Very interesting, indeed.

That tire shouldn't make it or break it to an M5.

 

I definitely see your point.. but the same can be said when they test near 50k mustangs and Camaros. Very few in owners hands are that loaded up but that's what they get to test because you're showing off the best of the best for the car.

Mags generally test Mustangs and Camaros in every available powertrain configuration. While most people do opt of the lesser models... there is a point to reviews of the ZL-1 and GT350 reviews even though only a small percentage of either will be sold.  When you buy a ZL-1 or GT350, you're buying more than just a set of wheels and tires... there are a whole host of upgrades that come with it.   Furthermore, journalists know they are testing some high performance machine.

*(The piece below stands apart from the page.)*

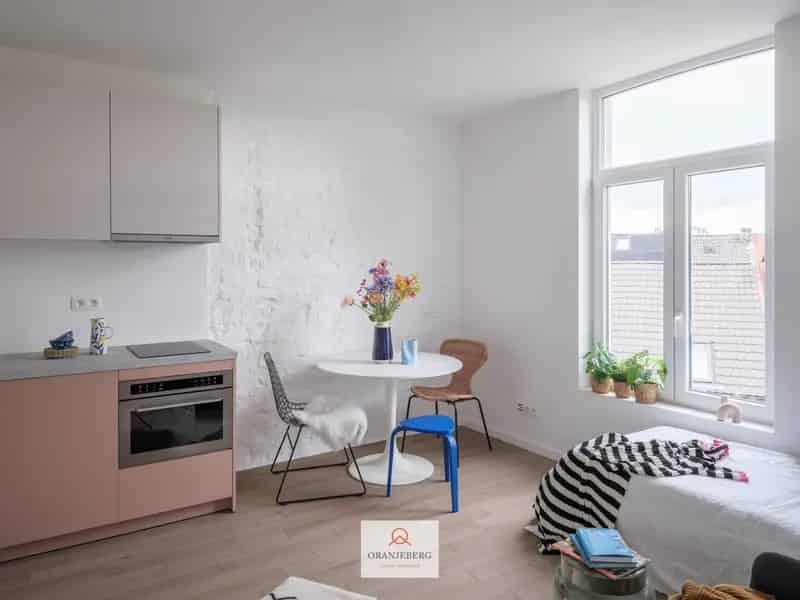 Studio te Koop Gent Centrum - Instapklaar Gerenoveerd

As for this MKZ, sure it's got 19s on it, but unless you make a habit of noting the sidewall before you get in and drive, there is no reason to expect the car to be any different than what you'll find on a typical dealer's lot. In this case with the MKZ, Lincoln supplied a car in a configuration that virtually no one will buy and attempted to pass it off as normal. Furthermore, the build sticker on the door jam indicated that the car was originally configured with 18s but whoever manages their press fleet decided to swap out the wheels. When you select the high performance tires though, the suspension gets recalibrated to handle it.  This test car didn't have the recalibration...meaning that technically, no, you can't buy this configuration from Lincoln without someone pulling a switcharoo at the dealership.

 And yet... even configured properly, it is highly unlikely that you will find one of these MKZs at a Lincoln dealership. Lincoln is only building about 300 of these cars per year with this tire package.  There are about 325 Lincoln dealerships, so less than one per dealer per year with these tires.